You can use cuML to speed up both UMAP and HDBSCAN through GPU acceleration:

from bertopic import BERTopic
from cuml.cluster import HDBSCAN
from cuml.manifold import UMAP

# Create instances of GPU-accelerated UMAP and HDBSCAN
umap_model = UMAP(n_components=5, n_neighbors=15, min_dist=0.0)
hdbscan_model = HDBSCAN(min_samples=10, gen_min_span_tree=True, prediction_data=True)

# Pass the above models to be used in BERTopic
topic_model = BERTopic(umap_model=umap_model, hdbscan_model=hdbscan_model)
topics, probs = topic_model.fit_transform(docs)

Depending on the embeddings you are using, you might want to normalize them first to force a cosine-related distance metric in UMAP:

from cuml.preprocessing import normalize
embeddings = normalize(embeddings)

How can I use BERTopic with Chinese documents?¶

Currently, CountVectorizer tokenizes text by splitting whitespace which does not work for Chinese. To get it to work, you will have to create a custom CountVectorizer with jieba:

from sklearn.feature_extraction.text import CountVectorizer
import jieba

def tokenize_zh(text):
    words = jieba.lcut(text)
    return words

vectorizer = CountVectorizer(tokenizer=tokenize_zh)

Next, we pass our custom vectorizer to BERTopic and create our topic model:

from bertopic import BERTopic
topic_model = BERTopic(embedding_model=model, verbose=True, vectorizer_model=vectorizer)
topics, _ = topic_model.fit_transform(docs, embeddings=embeddings)

Why does it take so long to import BERTopic?¶

The main culprit here seems to be UMAP. After running tests with Tuna we can see that most of the resources when importing BERTopic can be dedicated to UMAP:

Unfortunately, there currently is no fix for this issue. The most recent ticket regarding this issue can be found here.

Should I preprocess the data?¶

No. By using document embeddings there is typically no need to preprocess the data as all parts of a document are important in understanding the general topic of the document. Although this holds in 99% of cases, if you have data that contains a lot of noise, for example, HTML-tags, then it would be best to remove them. HTML-tags typically do not contribute to the meaning of a document and should therefore be removed. However, if you apply topic modeling to HTML-code to extract topics of code, then it becomes important.

I run into issues running on Apple Silicon. What should I do?¶

Apple Silicon chips (M1 & M2) are based on arm64 (aka AArch64, not to be confused with amd64/x86_64). There are known issues with upstream dependencies for this architecture, for example numba. You may not always run into this issue, depending on the extras that you need.
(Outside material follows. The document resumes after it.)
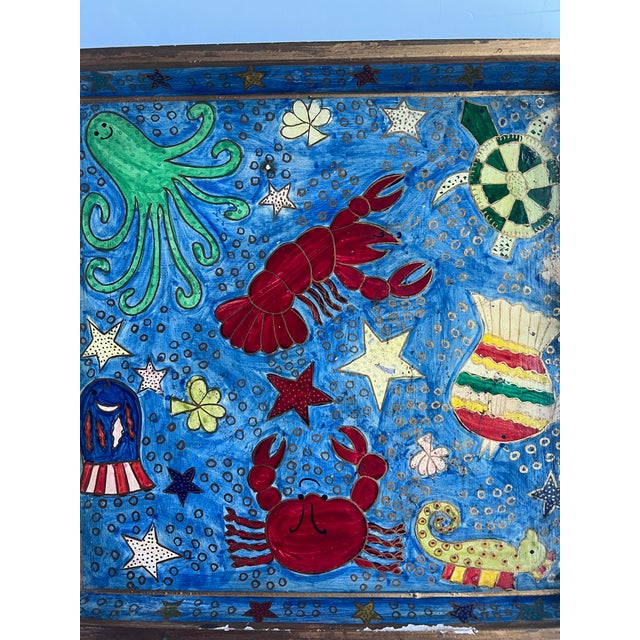 Colorful Handpainted Square Tray With Sea Creatures For Sale In Raleigh - Image 6 of 9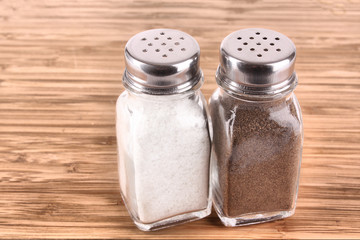 Salt and pepper shaker on a white background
One possible solution is to use VS Code Dev Containers, which allow you to setup a Linux-based environment. To run BERTopic effectively you need to be aware of two things:

Make sure to use a Docker image specifically built for arm64
Make sure to use a volume instead of a bind-mount ℹ️ the latter significantly reduces disk I/O

Using the pre-configured Data Science Dev Containers makes sure these setting are optimized. To start using them, do the following:

Install and run Docker
Clone repository data-science-devcontainers
Open VS Code, build the Python base or Python scipy container and start working ℹ️ Change PYTHON_VERSION to 3.11 in the respective devcontainer.json to work with the latest patch release of Python 3.11
Note that data is persisted in the container
When using an unmodified devcontainer.json: Work in /home/vscode 👉 This is the home directory of user vscode
Python packages are installed to the home directory by default 👉 This is due to env variable PIP_USER=1
Note that the directory /workspaces is also persisted

Do these Data Science Dev Containers support GPU acceleration?¶

Yes, but only on Linux and Windows.

The CUDA-enabled variants require the following in addition to Docker:

NVIDIA GPU
NVIDIA driver
Linux: NVIDIA Container Toolkit
Windows: GPU support in Docker Desktop

ℹ️ The host running the GPU accelerated Dev Containers only requires the NVIDIA driver, the CUDA toolkit does not have to be installed.

See the CUDA Version Matrix regarding Ubuntu/CUDA/Python versions and recommended NVIDIA drivers.